Ya..... it shouldn't be too hard..... I have the factory service procedures for removing the differencial if you need them.

The biggest problem is that there is a special tool required to disassemble the tranny..... basicly it's a GM tool that has to bought from a dealer.

I think it's rather expensive if I remember correctly.... I was planning on simply making one.

When I get home I will try and dig up some info for you.

As well.... you could search migweb, astramk2 and other forums like that since there will be "how to" posts or sections on the transmission disassembly.

Most of them had the F16 and F20 which is virtually identical to your D20 forenza transmission.

I also am having troubles with the 2nd gear syncros when the tranny is cold..... one of these days I'm going to have to look at putting in a different tranny fluid before they go away for ever.

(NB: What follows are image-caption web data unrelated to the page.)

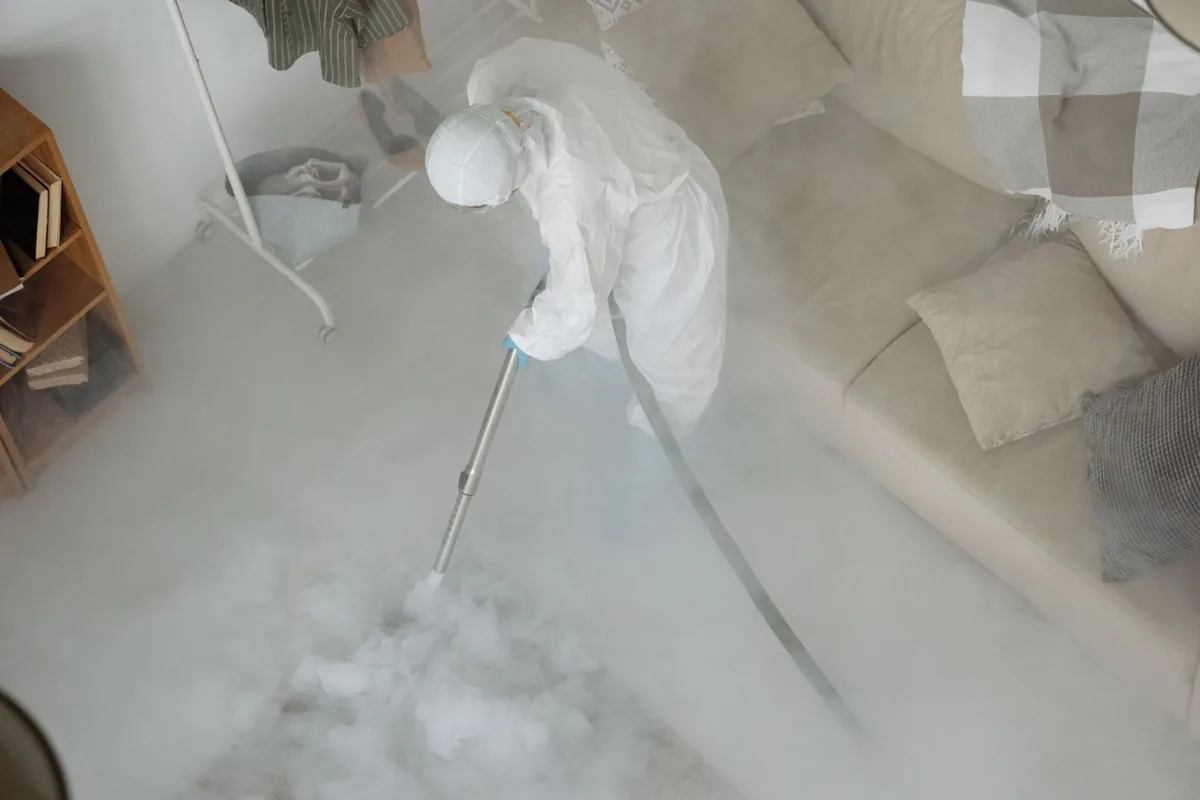 Biohazard Cleanup in Little Falls, NY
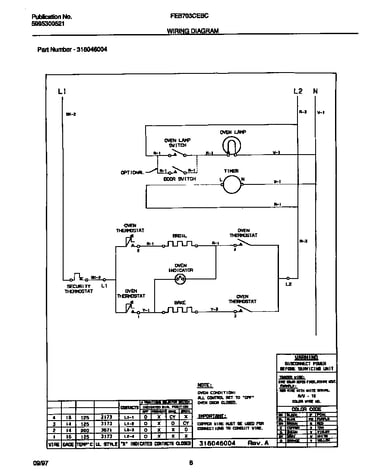 Wiring diagram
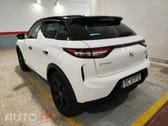 DS DS3 Crossback E-Tense Performance Line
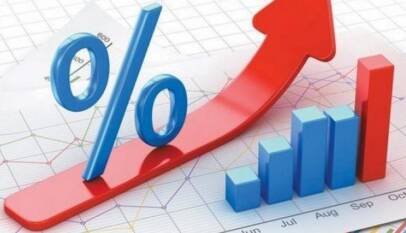 Economía de la RD creció 3.9 % en febrero a nivel interanual Economía de la RD creció 3.9 % en febrero a nivel interanual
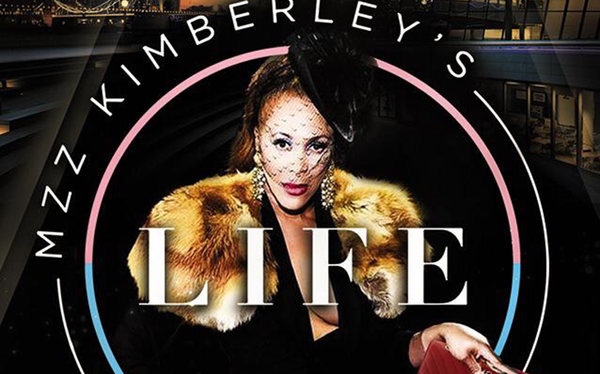 Mzz Kimberley to champion trans awareness with fashion show supporting CliniQ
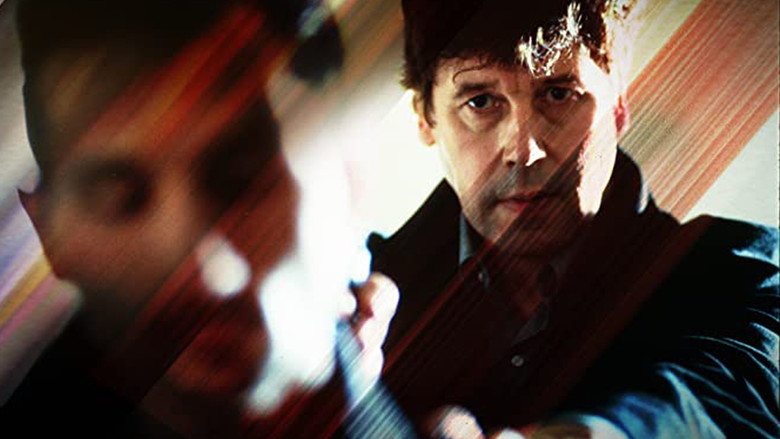 кадр из фильма Double Tap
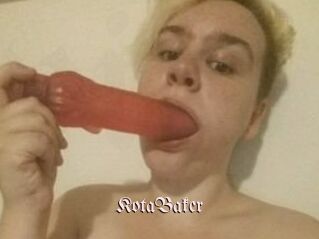 KotaBaker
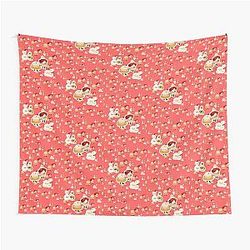 Pomme QSMP : Baghera Tapestry
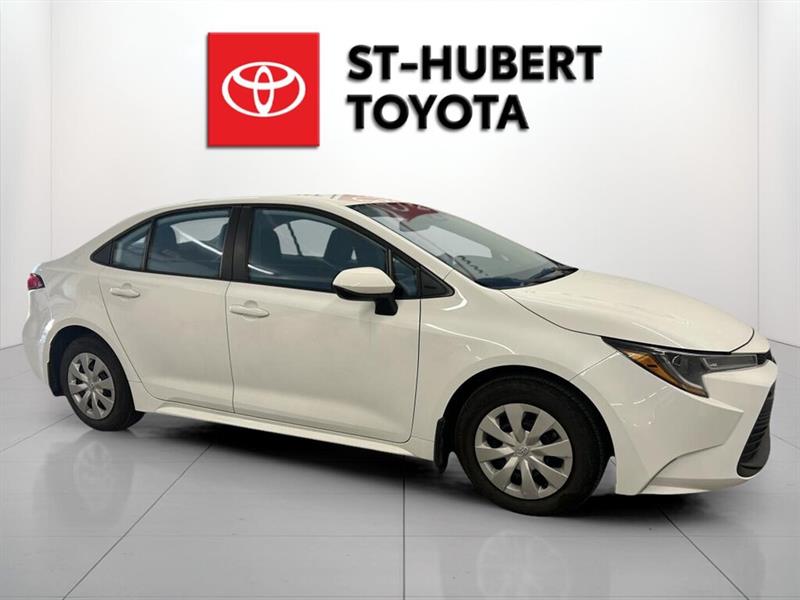 toyota Corolla 2023 - 5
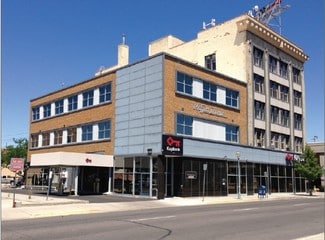 Plus de détails pour 412 W Center St, Pocatello, ID - Bureau, Local commercial à louer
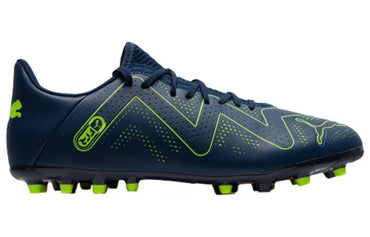 Puma Future Play Round Toe MG Cleats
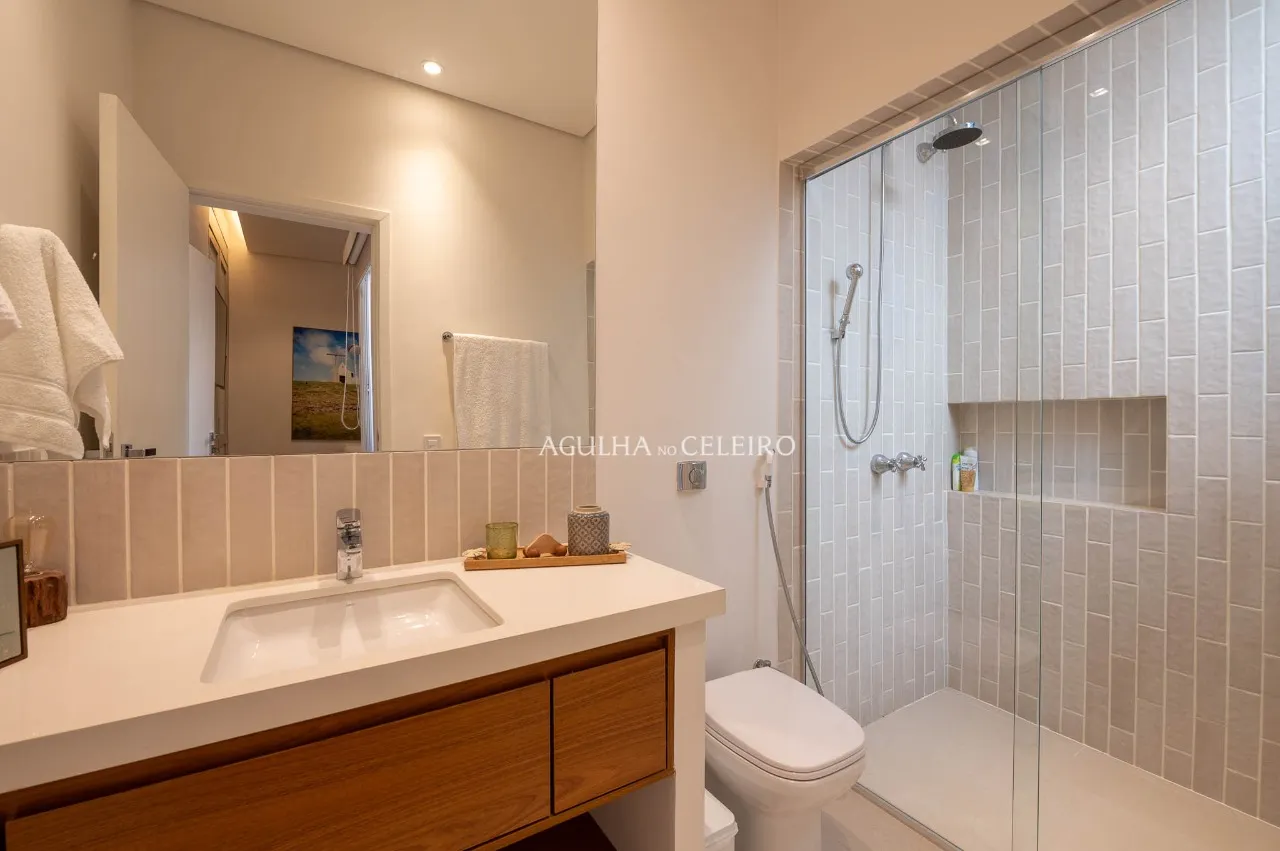 Casa de vila encantadora à venda no Itaim Bibi. – 22300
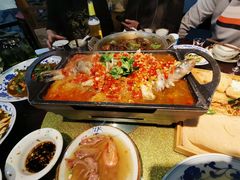 -随园餐厅(仙鹤新天地广场店)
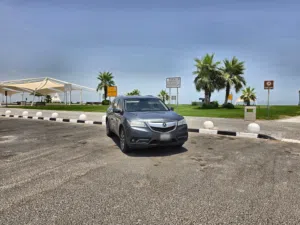 Used Acura MDX in Hawally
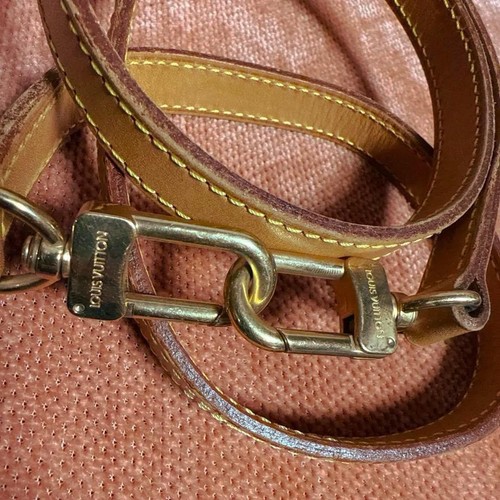Louis vuitton tracolla - tracolla, cintura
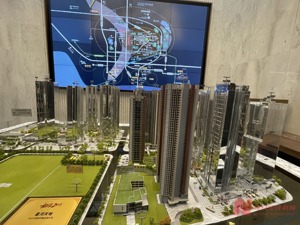 严调控下深圳楼市“骤冷”：有楼盘疑夸大销售数据，“网红盘”遇冷但表示“不会降价”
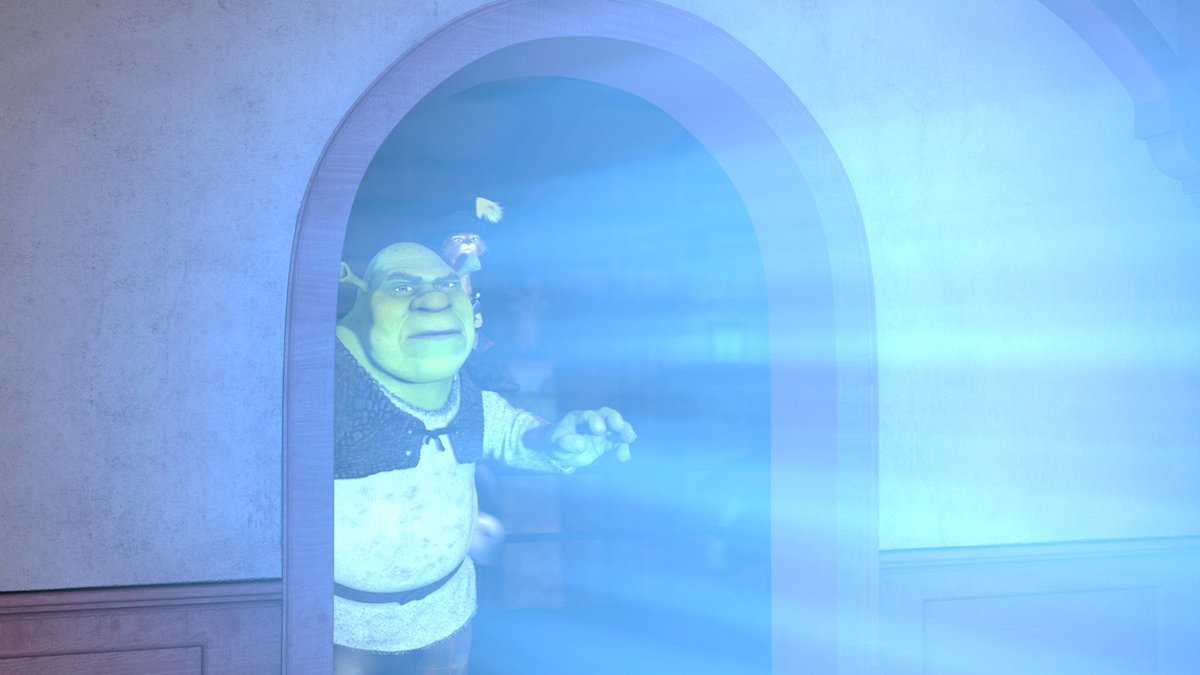 Shrek tweet media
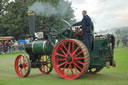 Lincolnshire Steam and Vintage Rally 2008, Image 189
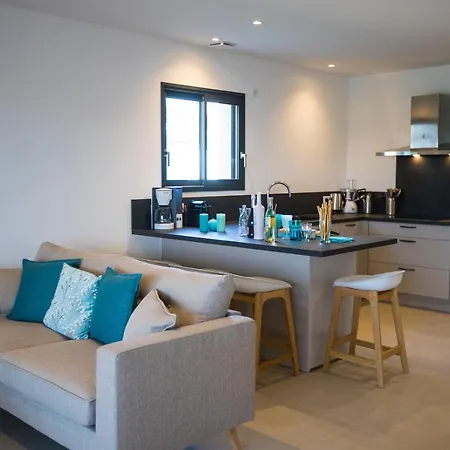 Apartamento Résidence Saint Cyprien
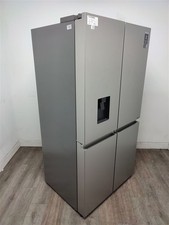 Hisense RQ758N4SWSE Fridge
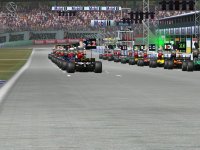 Cкриншот F1 Challenge '99-'02, изображение № 354832 - RAWG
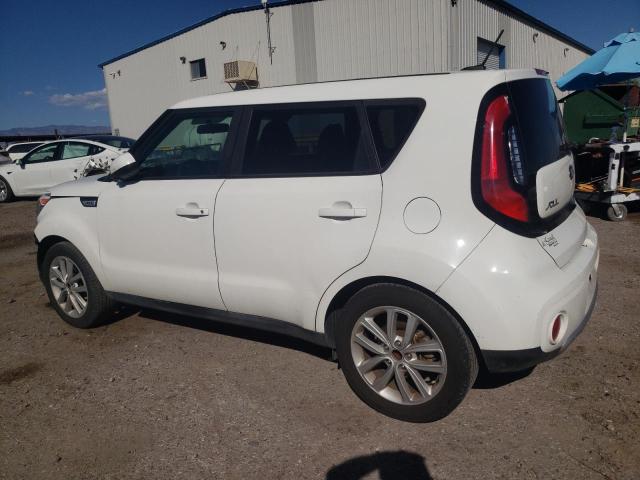Photo 2 from auction – 2018 KIA SOUL + with VIN KNDJP3A53J7619728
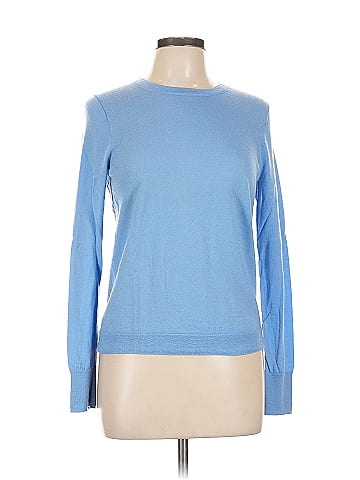J.Crew Wool Pullover Sweater (view 1)
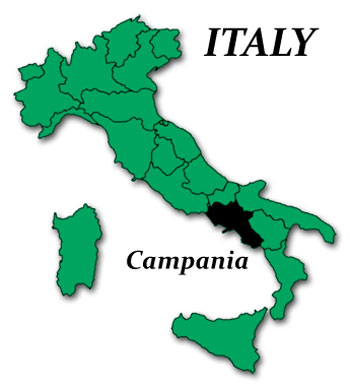 Picture 2 of Find the mystery in 'Death Triangle' in Italy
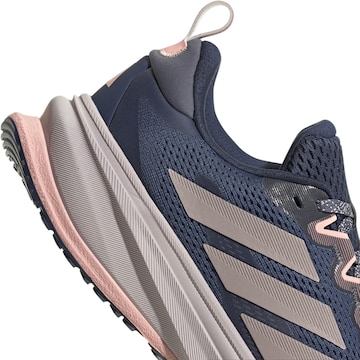 ADIDAS PERFORMANCE Loopschoen 'Supernova Rise ATR' in Blauw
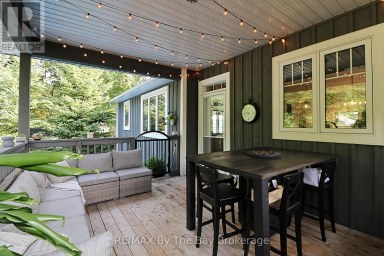 320 BIRCH STREET Collingwood Ontario photo 34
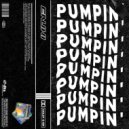 Eauki - Pumpin\' (Original Mix)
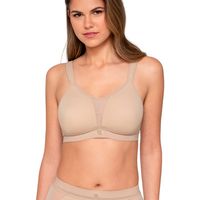 luna splendida relleno sujetador deportivo flexpro splendida para mujer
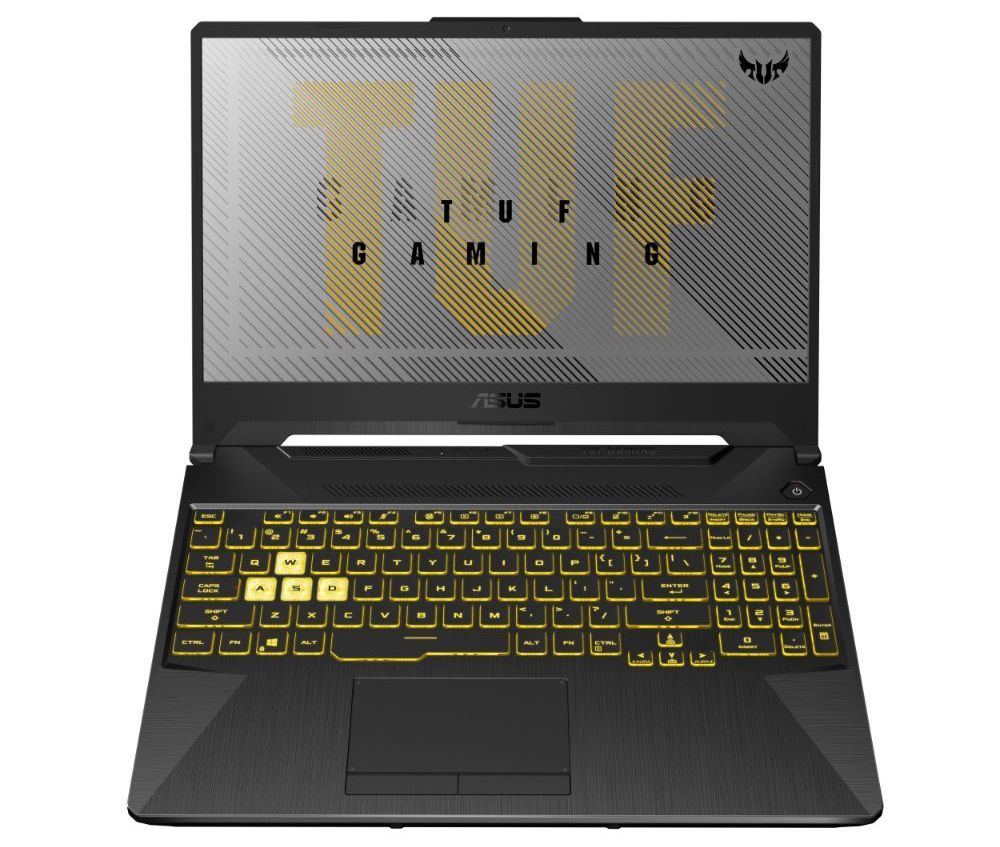 ASUS、Ryzen 7 4800Hを搭載した高耐久ゲーミングノートPC | マイナビ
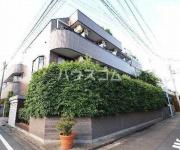ベルビータ新高円寺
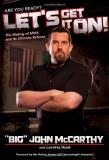 "big" John Mccarthy Let's Get It On! The Making Of Mma And Its Ultimate Referee 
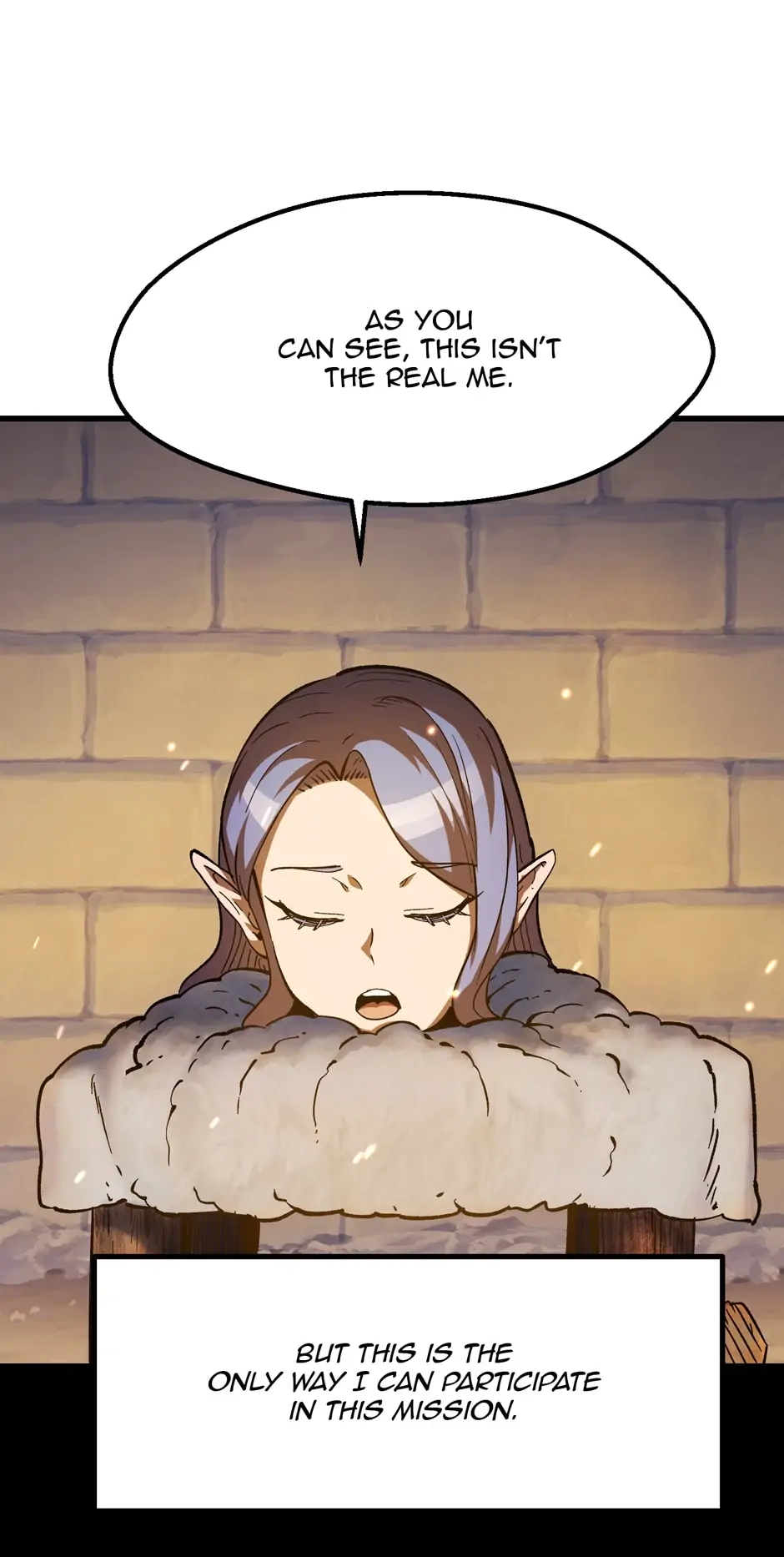 Latna Saga: Survival of a Sword King Chapter 158 page 66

Most of the time I simply double clutch....which isn't hard if you get use to it.

Many race/rally car drivers have to double clutch since they are using dog boxes (straight cut gears with no syncros )

Once you get really good at it you can also throw in Rev matching..... basicly when the RPM of the engine match the RPM of the tranny gear your selecting you can shift without a clutch.

Quaife makes a dog gear upgrade for the F20/F16.... they will increase power handling capacity big time.... but double clutching is something that has to be done all the time.

On this next tranny.... perhaps you should consider learning to double clutch to avoid smoking your syncros..... it can be done just as quick as a regular shift if you practice.

But when practicing you have to be carefull not to grind the gears.... I'd suggest trying it first on a straight line so that you don't have to deal with multiple things at once.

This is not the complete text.